Progressive

This debate a bout how to feather an engine after a major mechanical fault on takeoff is entertaining but misses a key point in feathering propeller design.

All current single action feathering propellers (light a/c) use an "oil pressure to fine pitch" design.

Loss of oil pressure (IE: the major mechanical failure) above minimum feathering RPM will result in the propeller Automatically feathering as oil pressure drops off (the reason low pitch latches are required).

The only conditions that will result in the propeller completely locking are a loss of oil pressure AFTER the engine has decreased below min feathering speed AND the prop has reached fine pitch (An instantaneous ceasing of rotation with the prop already at fine pitch - very rare for an inflight condition).

Or a mechanical failure of the propeller or governor resulting in the inability to drain oil from the prop (in which case no pilot action will make it feather)

So: Do the feather drill carefully and make sure you identify the correct engine. If you have had a mechanical fault chances are the engine will feather itself before you touch the lever anyway.

Nomde plume

thankyou! exactly what I was getting at!

Centaurus

The original post discussed the need for instructors to be aware that a major (severe damage) engine failure in a light piston engine twin requires prompt action to feather the propeller before the rpm falls below a critical figure – nominally between 800 and 1000 rpm. The current mantra taught by the majority of flying schools correctly emphasis the need to correctly identify the defective engine before feathering its propeller.

One of the steps recommended is to slowly close the throttle of the suspected engine to confirm it is indeed the correct one to feather. A slow closure is normally effected since a fast inadvertent closure of the wrong (live) engine by a pilot could leave the aircraft with no power even for a few seconds. The resultant airspeed loss would be rapid.
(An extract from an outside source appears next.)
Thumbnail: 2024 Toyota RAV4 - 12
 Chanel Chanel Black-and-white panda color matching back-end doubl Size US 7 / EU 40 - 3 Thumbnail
Realistically, the throttle precautionary closure of the suspected failed engine serves no other purpose at that instant except to confirm that the original assessment of “dead leg – dead side” was correct. Some light twin POH recommend the confirmation by use of throttle while others do not mention the technique. While this technique at a safe altitude and plenty of airspeed is acceptable, it is another thing altogether at a low airspeed and low altitude such as the initial climb after lift off.

It was in the days of four engine aircraft powered with piston engines (e.g DC4 Skymasters , Super Constellations or the military Lancaster bomber), that the confirmation of which engine had failed, came into being. For example, if an outboard engine failed, the strong swing towards the dead engine was usually quite obvious through the universally accepted dead leg – dead side confirmation technique. If an inboard engine failed, the swing was less marked although it was still obvious that an engine had failed on one side.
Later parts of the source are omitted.